Why is Part A Necessary in the Alternating Series Test?

[inkliing]

There's something that's confusing me about what appears to be the standard form of stating the alternating series test in basic calculus. The four sources I looked up were James Stewart's CALCULUS, Howard Anton's CALCULUS, wolfram alpha's mathworld, and wikipedia. All four had essentially the same statement for the alternating series test:

If the sum from i=0 to infinity of [(-1)^n][b_n], with b_n>0 for all n, satisfies a) b_(n+1)<=b_n for all n ({b_n} is a decreasing sequence), and b) the limit as n goes to infinity of b_n = 0, then the series is convergent.

What I'm confused about is this: since all four sources made it clear that all of the b_n were strictly greater than zero and that b_n->0 as n goes to infinity, what is the point of also adding part a)? Why add that {b_n} must be monotonically decreasing (in the less-than-or-equal-to sense)? It seems to me that b_n>0 for all n and b_n->0 as n goes to infinity implies that {b_n} must be monotonically decreasing (in the less-than-or-equal-to sense).

So it seems to me that all four sources should have left out the part about b_(n+1)<=b_n for all n. Am I missing something simple here? It seems to me that the needed counterexample is that of a sequence of real numbers, all greater than zero, which go to zero, but which are not eventually decreasing, which I'm pretty sure is impossible.

I would appreciate it if some1 could clearly show that b), coupled with b_n>0 for all n, doesn't imply a) so I can be confident that it is necessary to state a) in the statement of the test.

Thanks in advance.

 

[henry_m]

The assumption is necessary; a positive sequence need not be strictly decreasing to tend to zero. For example, the odd terms could be something like $$b_{2n-1}=1/n$$ and the even terms something like $$b_{2n}=1/n^2$$.

Think about the proof of the theorem. There are two ideas, one for each assumption:

The first idea, which requires your assumption (a), is that each term alternates in sign and is smaller than the previous term, and so the even partial sums form a decreasing sequence and the odd partial sums an increasing sequence, bounded below and above respectively. Each of these sequences of partial sums must tend to a limit. The sequence above fails here; in fact the sequence of odd partial sums will increase without bound.

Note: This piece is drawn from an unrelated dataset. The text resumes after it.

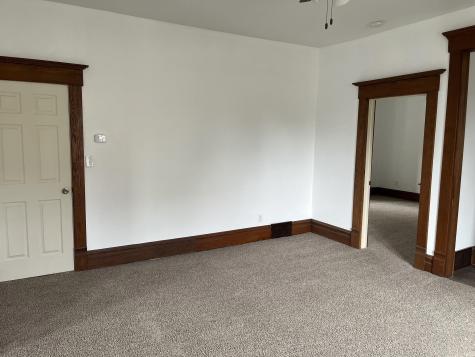 37 W Taylor Street Huntington IN 46750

The second idea is that if the limits of odd and even partial sums are equal, then the series converges to this common limit. This requires (b).

 

[inkliing]

That was very clear. I understand it now. Thank you.

 

[HallsofIvy]

It is NOT, strictly speaking, necessary that $b_{n+1}< b_n$ for all n, only that $b_n+1< b_n$ for "sufficiently large n". That is because you can always change the values of any finite number of terms of a series without changing whether it converges or not.